Entries shown:

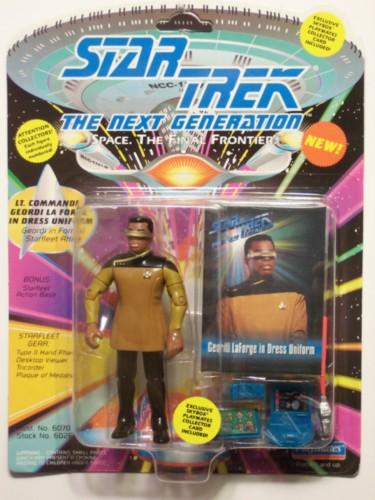 Geordi LaForge In Dress Uniform - Star Trek TNG The Next Generation MOC action figure SN 010083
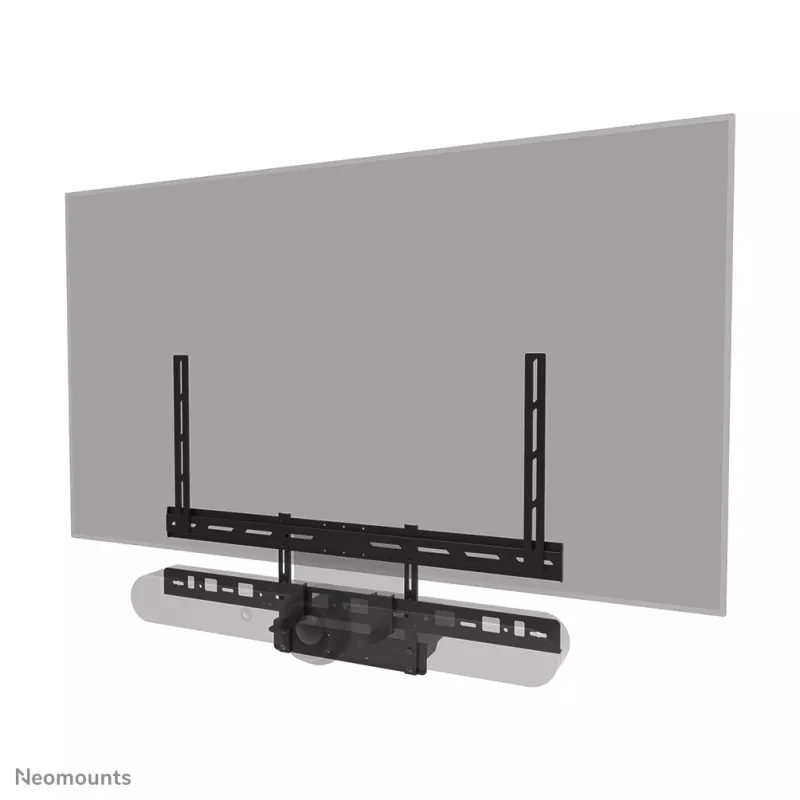 Kit de suporte para videobar e portátil Neomounts AV60-500BL para ecrãs de 43–110 polegadas, VESA até 600x400, carga máx. 8 kg, largura 900 mm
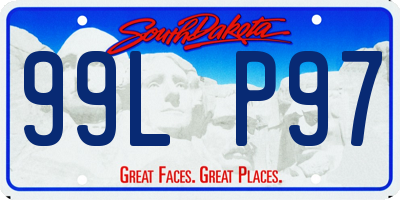 SD license plate 99LP97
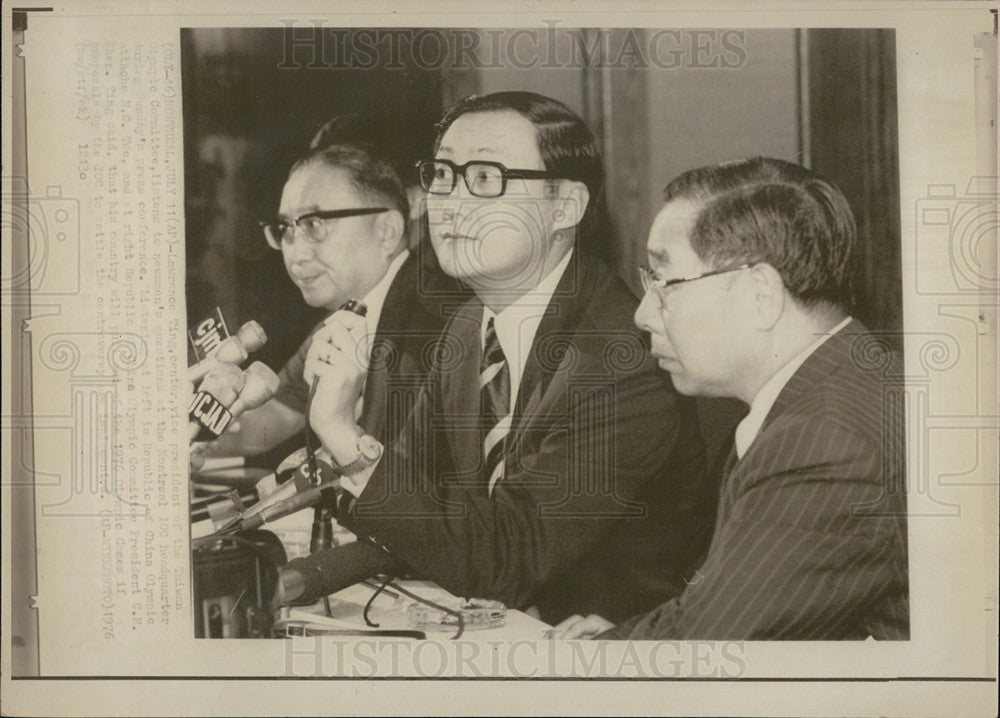 1976 Press Photo The Olympic Committee in Montreal, Canada - Historic Images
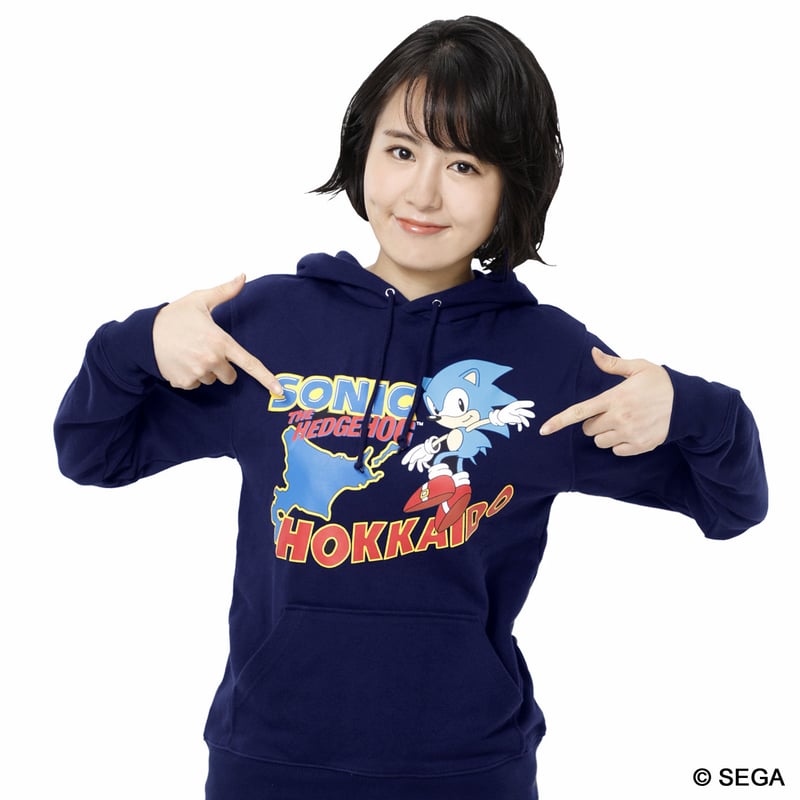 SONIC THE HEDGEHOG x HOKKAIDO スタイルパーカー -NAVY- |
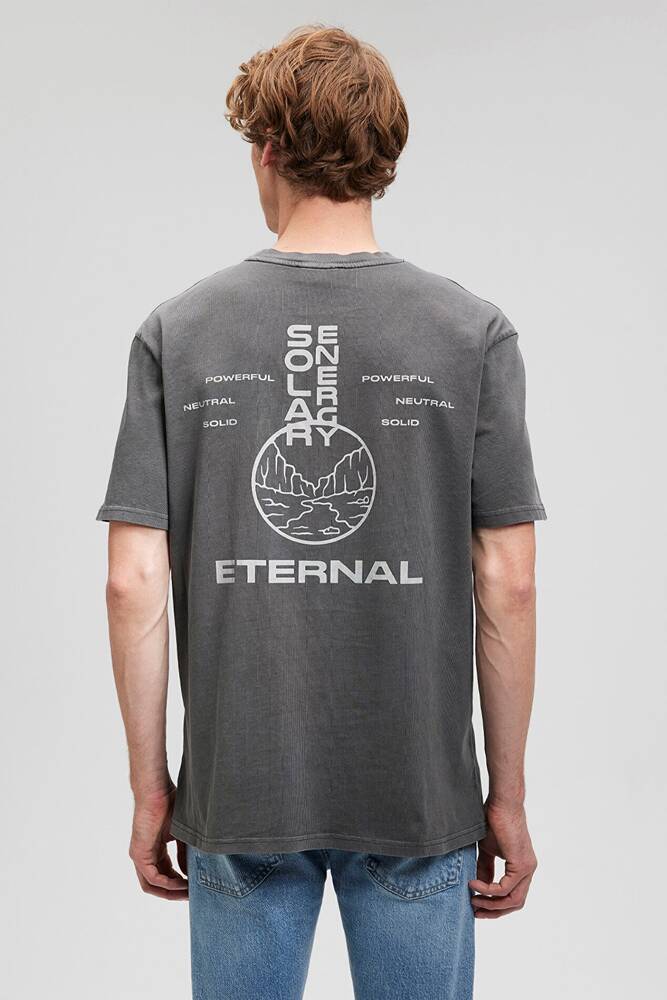 Erkek Solar Energy Tişört 0612098-80955 Gri 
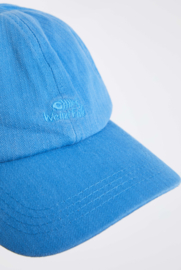 Weird Fish SCARFELL Peached Herringbone Cap - Azure SS22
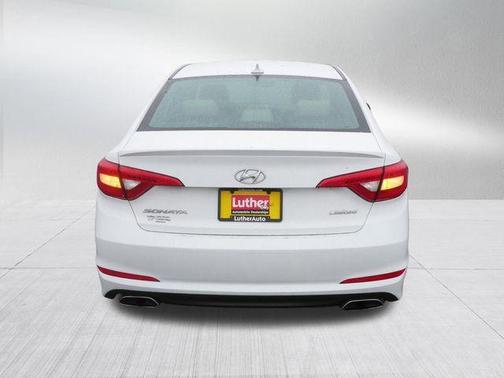 Quartz White Pearl 2017 Hyundai SONATA Limited
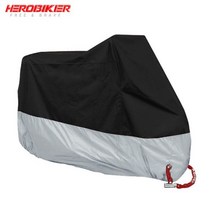 HEROBIKER-오토바이커버 올 시즌 방수 방진 UV 보호 야외 모토 스쿠터 모토바이크 레인 커버, CHINA, 4XL for 2301-2600mm, Silver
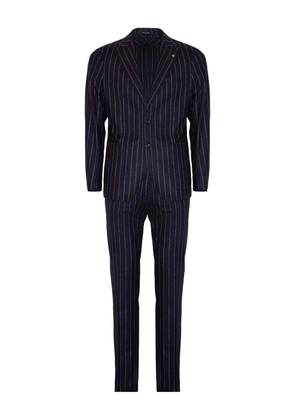 Tagliatore pinstripe two-button suit - Blue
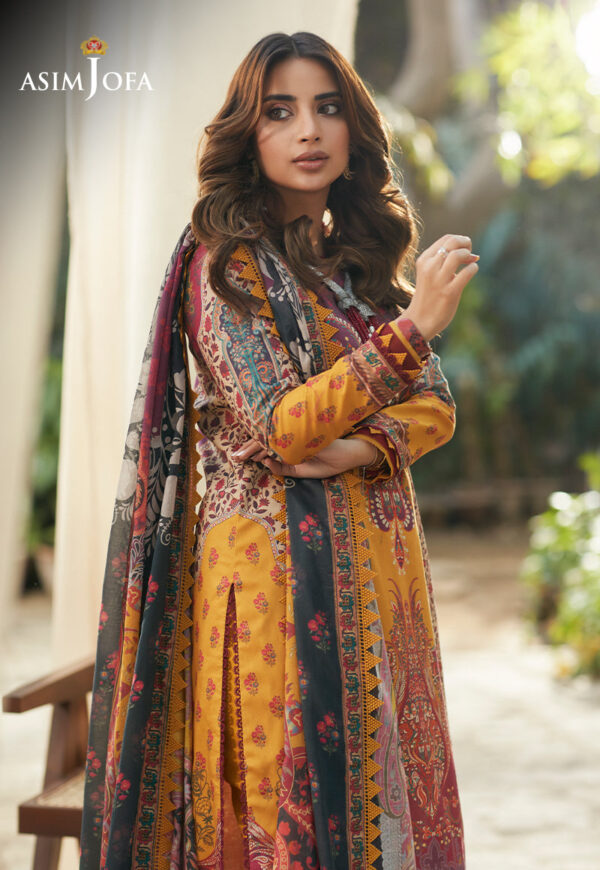 Asim Jofa Ajs-21 Printed Lawn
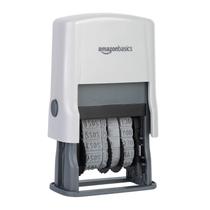 Carimbo de Data Automático Retangular - Amazon Basics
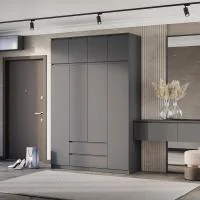 Шкаф 4-х створчатый Симпл ШК-13 + антресоль ТБ-19 графит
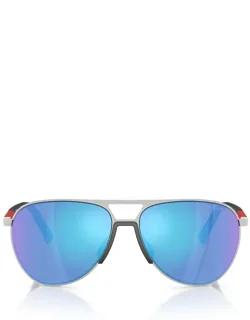 Prada Sunglasses Aviator Silver Ps 53zs 1bc08r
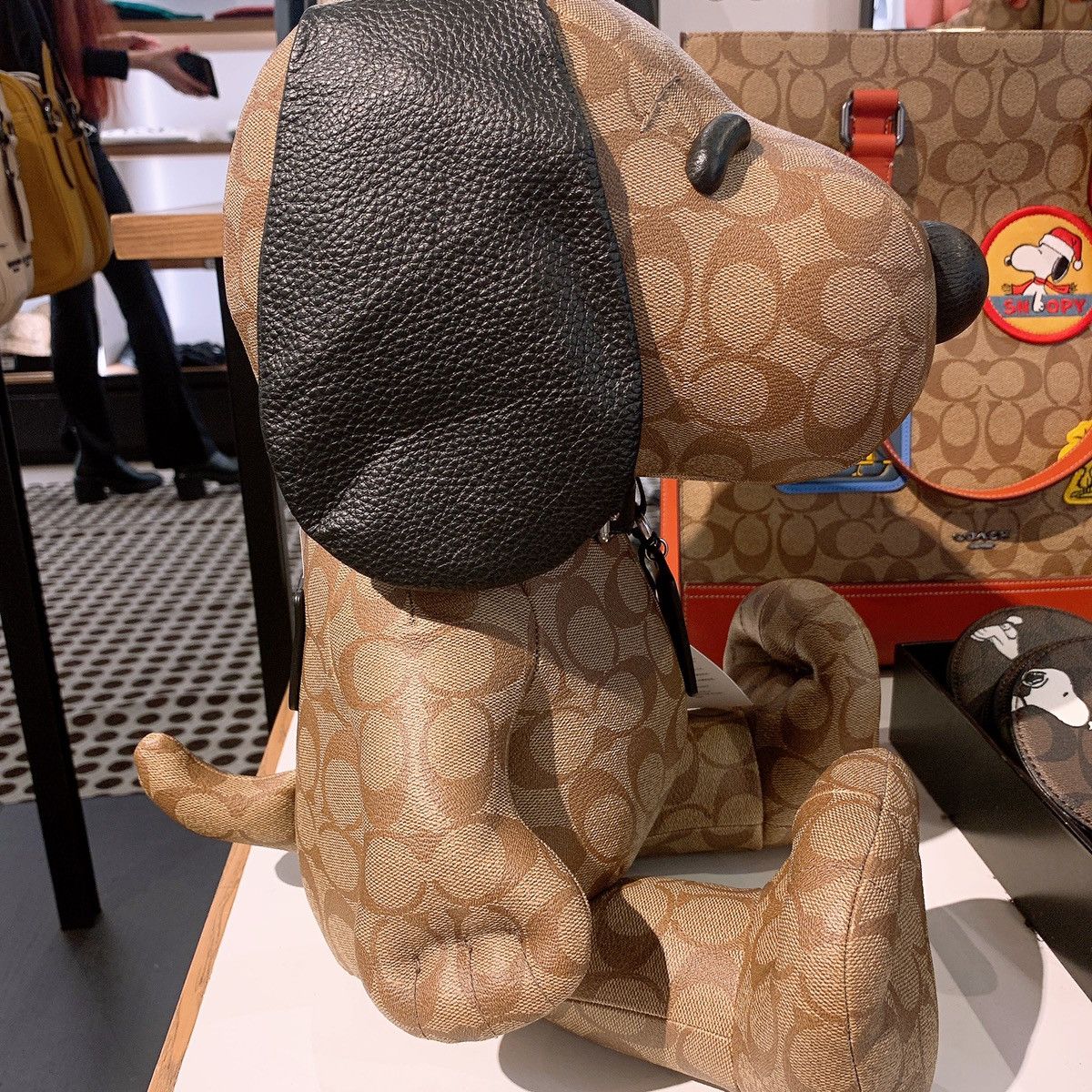 Coach Coach X Peanuts Snoopy Collectible In Signature Canvas #5405 Size ONE SIZE - 5 Thumbnail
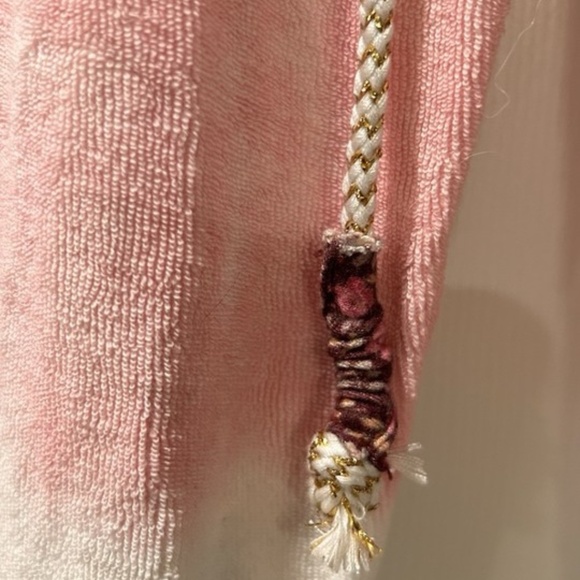 LoveShackFancy Santinella Terry Cloth Jogger Sweatpants Cherry Fizz sz S - Picture 6 of 7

Work request:
Please output the lines from the line that contains "Carimbo de Data" through the end of the records, both ends included, exactly and with no pictures.

Answer for this exercise:
 Carimbo de Data Automático Retangular - Amazon Basics
 Шкаф 4-х створчатый Симпл ШК-13 + антресоль ТБ-19 графит
 Prada Sunglasses Aviator Silver Ps 53zs 1bc08r
 Coach Coach X Peanuts Snoopy Collectible In Signature Canvas #5405 Size ONE SIZE - 5 Thumbnail
 LoveShackFancy Santinella Terry Cloth Jogger Sweatpants Cherry Fizz sz S - Picture 6 of 7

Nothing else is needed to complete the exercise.